この時、次の図に示すように大腿後面の筋群は骨盤の回旋に伴って、下腿を引っ張ります

。ハムストリングスは坐骨結節に起始し、脛骨内側面に一部が終止します。大腿二頭筋は同じく坐骨結節に始まり、一部が腓骨頭に終わります。それほど強い力でなくとも、引っ張り続けることでそれぞれの筋の終わる骨の骨膜には負担がかかったものと想像しています。

いずれにしろ、どうにか解決しましたが、腰の病変で膝(下腿)が痛くなることもあるという1例です。

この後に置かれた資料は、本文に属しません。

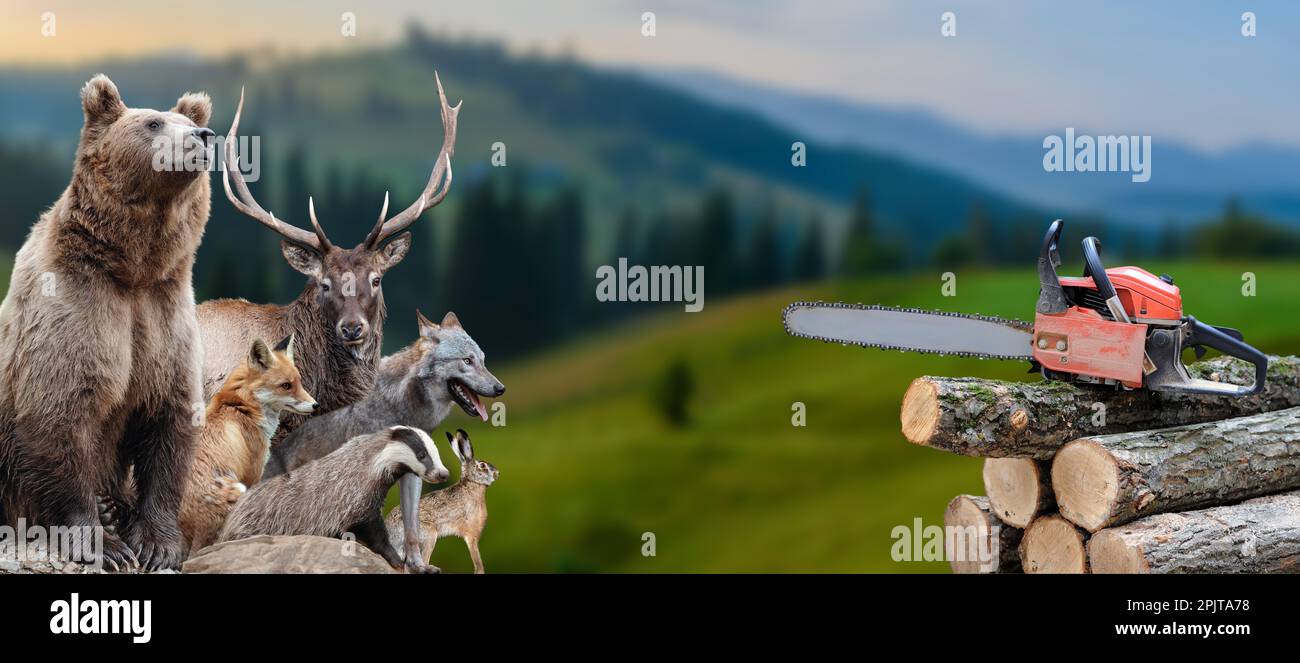 Bear, deer, fox, wolf, badger and hare in the middle of a felled forest and a bunch of trees with a chainsaw. Wildlife scene Stock Photo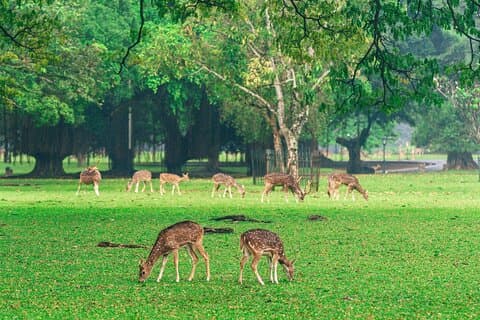 Tour de día completo en el jardín botánico de Bogor y Puncak Highland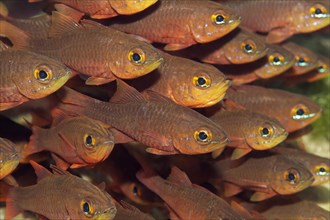 Crowded shoal of cardinalfishes (Apogon chrysotaenia)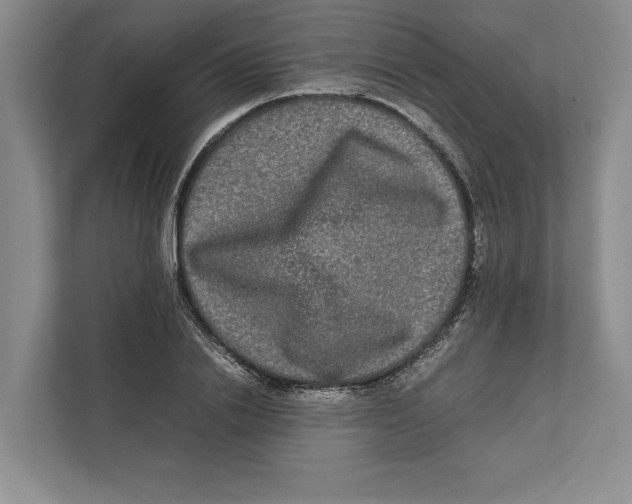 X0000111840838200908201215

ここまで術後経過の一部を紹介してきましたが、誤解していただきたくないのは、手術に対する不満を並べているのではないということです。手術直後のところで書いたと思いますが、麻酔が覚めた直後から、ヘルニアによる激痛や、馬尾神経障害によるシビレから完全に解放され、執刀してくださった先生、麻酔を担当してくださった先生、その他のスタッフの皆さんには深く感謝しているものです。

小生が紹介しているのは、「こんな症状も出る」ということを、経験の浅い先生方に知ってもらいたいというのが一番の目的です。それを忘れないでください。

次回以降、まだまだ闘病は続いていきます。